I also wonder why they didn't just send deltas from the get-go. If PASSIVE_UPDATE_V1 was initially implemented "as a means to scale Discord servers to hundreds of thousands of users", why was this obvious optimization missed?
Something important that didn't get mentioned, neither in the post nor in the comments, is whether this is safe in the face of compression oracle attacks[1] like BREACH[2]. Given how much effort it seems Discord put into the compression rollout, I would be inclined to believe that they surely must have considered this, and I wish that they had written something more specific.
Sounds like a problem with your computer. I can have discord, 50 browser tabs, two different games, a JetBrains IDE and various other stuff open at the same time without any trouble at all.
And my computer isn't particularly crazy. Maybe like $1500.
My computer isn't great, I'll admit, but I'm making a relative comparison. I visit many different websites on my low spec computer but discord is a noticeable outlier on how it affects the performance.
How many servers have you joined and how many of those are large and active? Also relevant, do you need to be in all of them?

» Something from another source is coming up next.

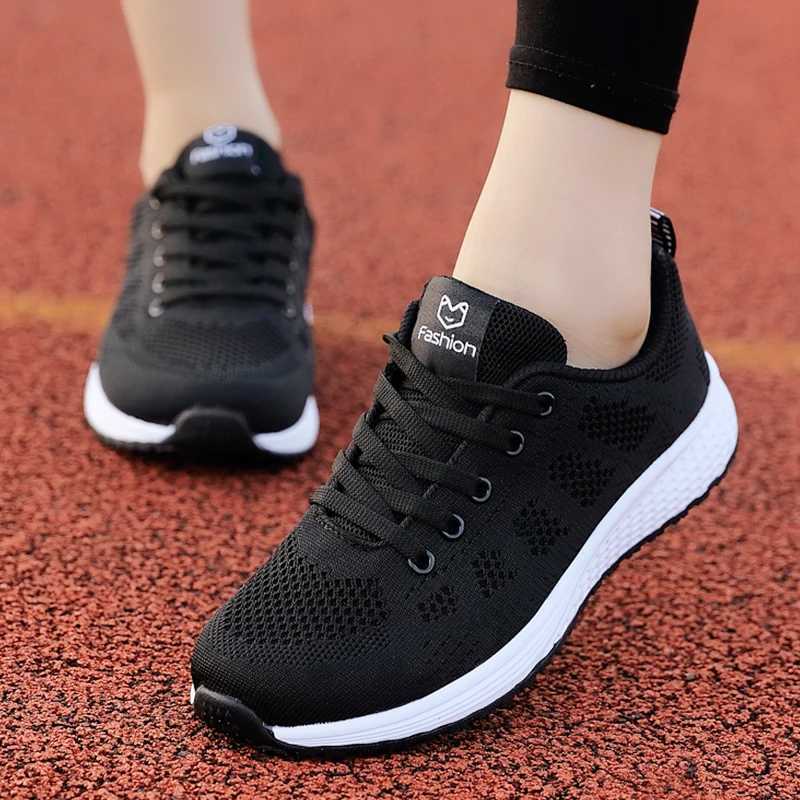 2024 Breathable Women Running Shoes Lightweight Non-slip Female Sports Shoes Outdoor Soft Womens Sneakers Lace Up Fashion TennisW250320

Most of the time I have seen people complain about this it is because they have joined a ton of hyperactive servers.
You could argue it shouldn't be an issue and more dynamically load things like messages on servers. But then you'd have people complaining that switching servers takes so long.
>How many servers have you joined and how many of those are large and active?
Yes.
>Also relevant, do you need to be in all of them?
Yes.
You must be new here, because if you aren't connected to dozens of servers and idling in hundreds of channels (you only speak in maybe two or three of them) you aren't IRCing right.
What? I'm a confused old clod because we're talking about Discord in the year of our lord 2024? Same thing, it's a massive textual chat network based on a server-channel hub-spoke architecture at its core.
What is actually worth our time asking is why we could do all that and more with no problems in the 80s and 90s using hardware a thousandth or less as powerful as what we have today.
given the 'mutual servers' feature of Discord one could argue that Discord encourages users to idle in many servers even more aggressively than IRC did given the social networking implications.
in reality on IRC almost every client connected with invisible mode on so aggregating big vinn diagrams of overlapping channels between users in every channel was a lot more laborious.
One thing I appreciate very much about this article is that they describe things they tried and didn't work as well. It's becoming increasingly rare (and understandably why) for articles to describe failed attempts but it's very interesting and helpful as someone unfamiliar with the space!